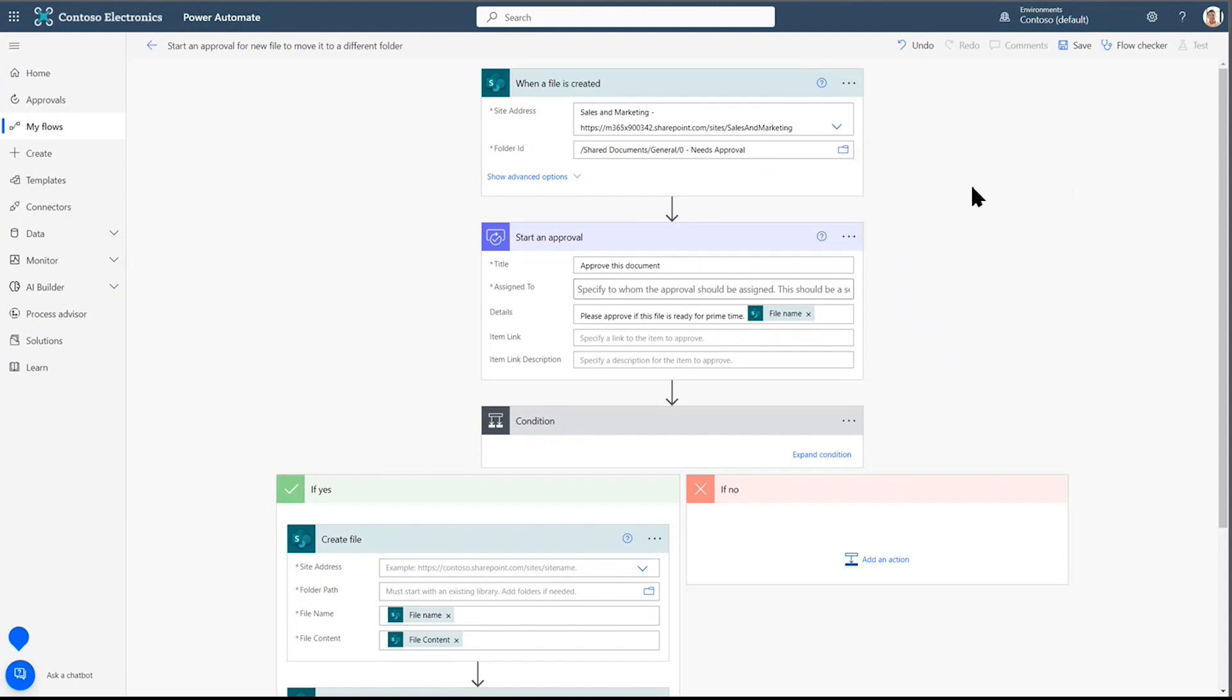I go to the Shared Documents folder, and it's in the General Files. And I'm pointing specifically to the Needs Approval folder. So anytime a file is created in this folder, that is the starting trigger.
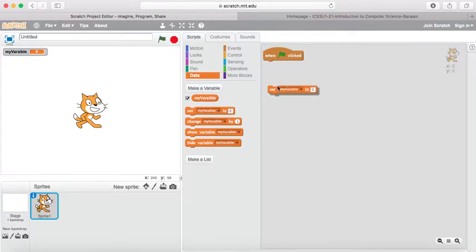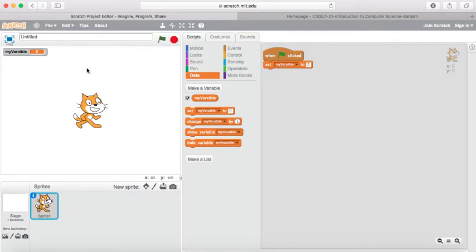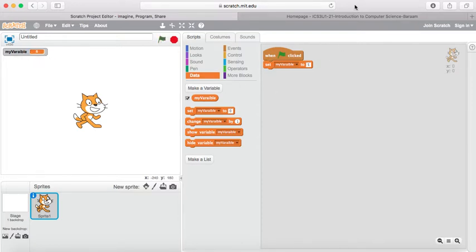We're going to be looking at the set variable to value block. This block allows you to set your variable — in this case, my variable is called 'my variable' — and you can set it to a value. If I change it to five and click the green arrow, you'll see that my variable will equal five. Thank you for watching.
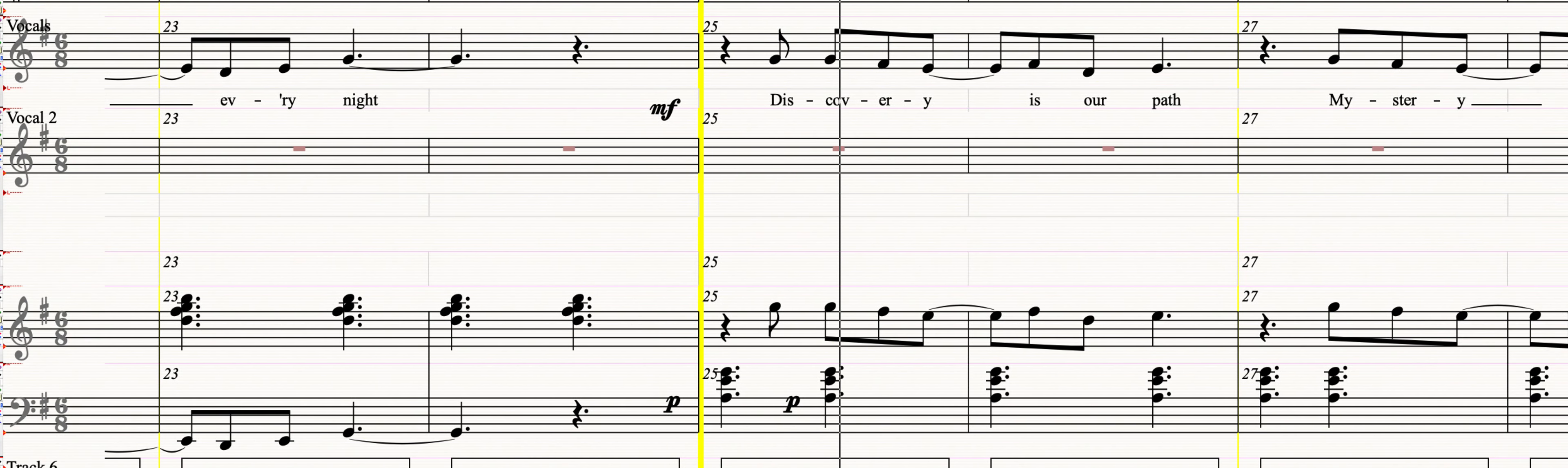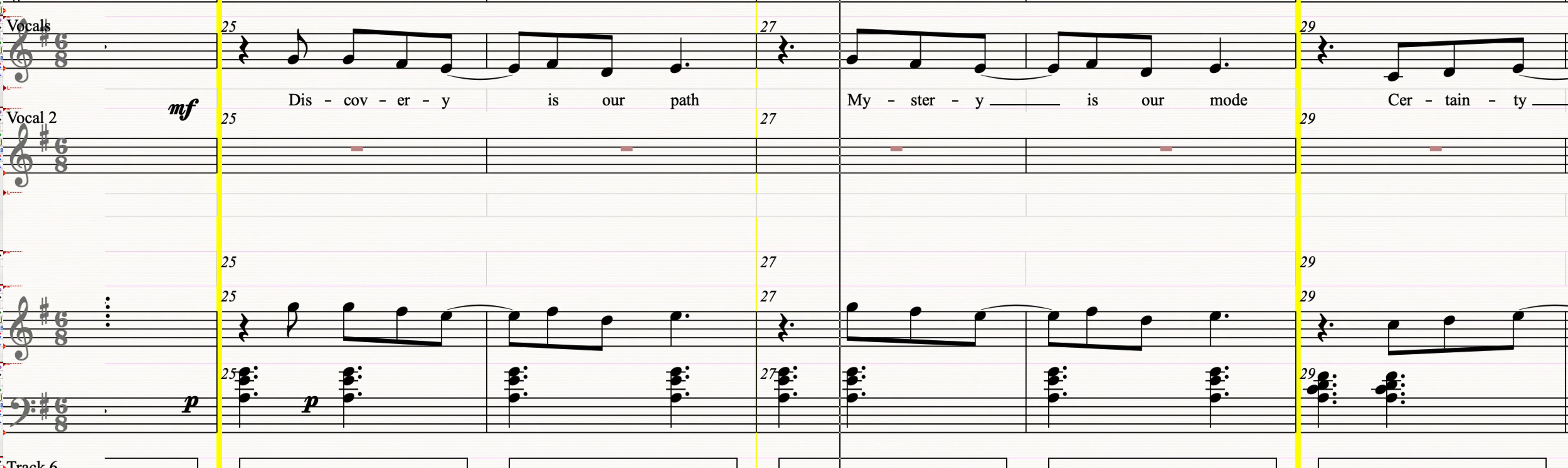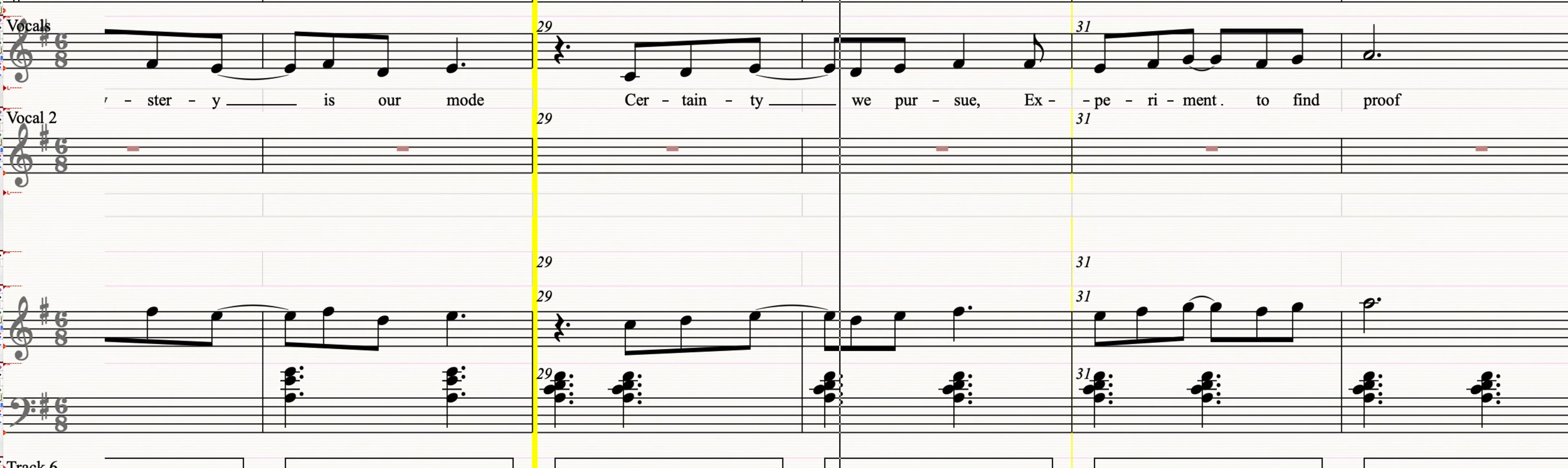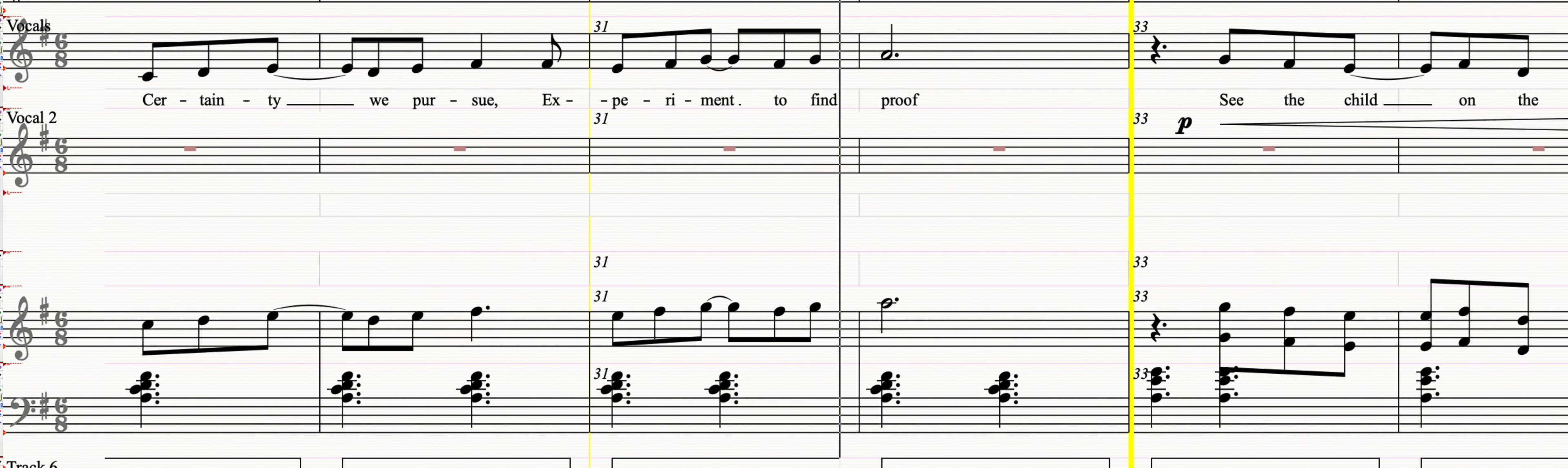Discovery is our path. Mystery is our mode. Certainty we pursue. Experiment to find proof.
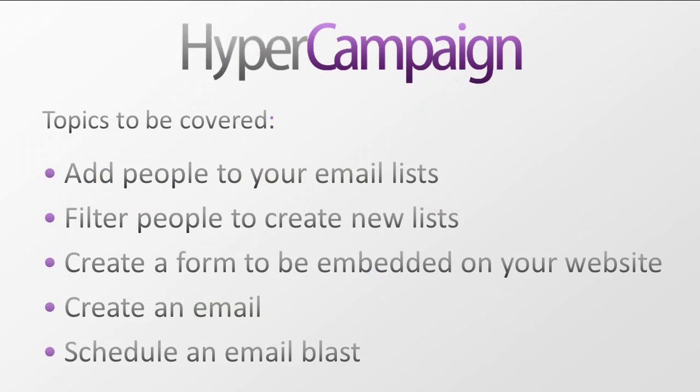In this demonstration, we're going to show you the basics of adding people to your list, how to filter people to create new lists, and creating a signup form that can be embedded on your website. Then we'll show you how to create an email and schedule the email blast.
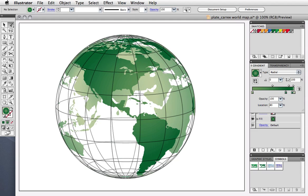Hello and welcome to a VectorTuts quick tip screencast. My name is Cheryl Graham. I'm going to show you a quick and easy way to make a wireframe globe using Illustrator's 3D effects.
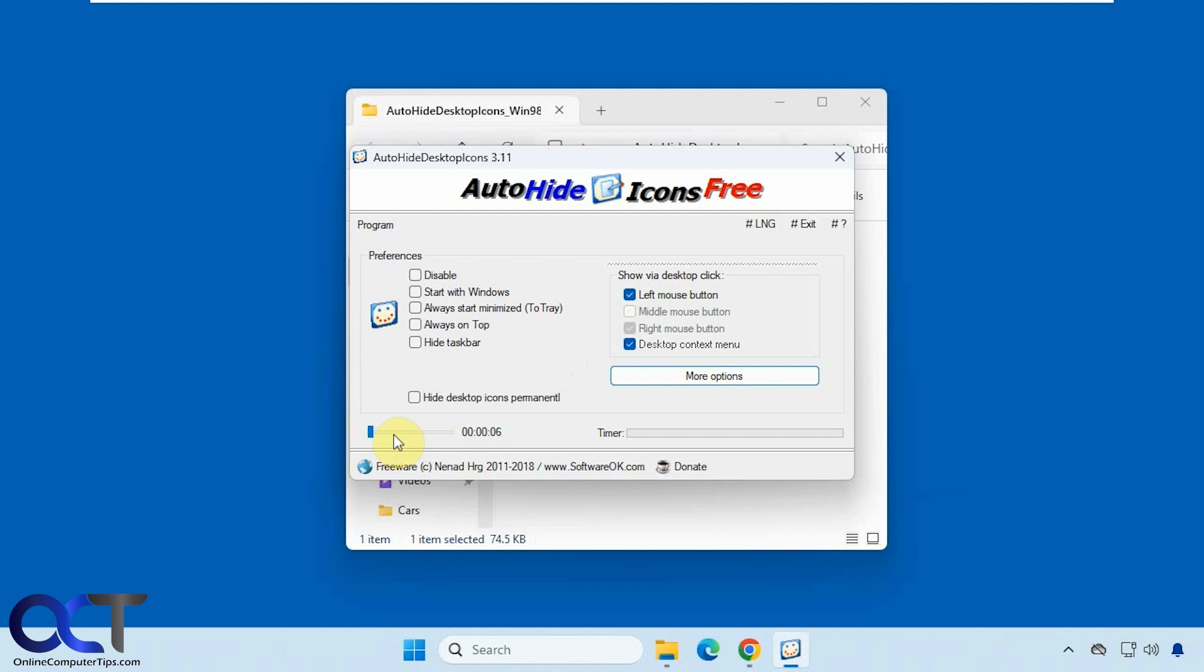You have a timer down here which is used to show how long the icons will stay on the screen once you bring them back. Let's just close this off here.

★ ★ ★ ★ ★ ★ ★

- Problem requirements -
Without including any image, reproduce the full listing above as written.

- Exercise result -
I go to the Shared Documents folder, and it's in the General Files. And I'm pointing specifically to the Needs Approval folder. So anytime a file is created in this folder, that is the starting trigger.
We're going to be looking at the set variable to value block. This block allows you to set your variable — in this case, my variable is called 'my variable' — and you can set it to a value. If I change it to five and click the green arrow, you'll see that my variable will equal five. Thank you for watching.
Discovery is our path. Mystery is our mode. Certainty we pursue. Experiment to find proof.
In this demonstration, we're going to show you the basics of adding people to your list, how to filter people to create new lists, and creating a signup form that can be embedded on your website. Then we'll show you how to create an email and schedule the email blast.
Hello and welcome to a VectorTuts quick tip screencast. My name is Cheryl Graham. I'm going to show you a quick and easy way to make a wireframe globe using Illustrator's 3D effects.
You have a timer down here which is used to show how long the icons will stay on the screen once you bring them back. Let's just close this off here.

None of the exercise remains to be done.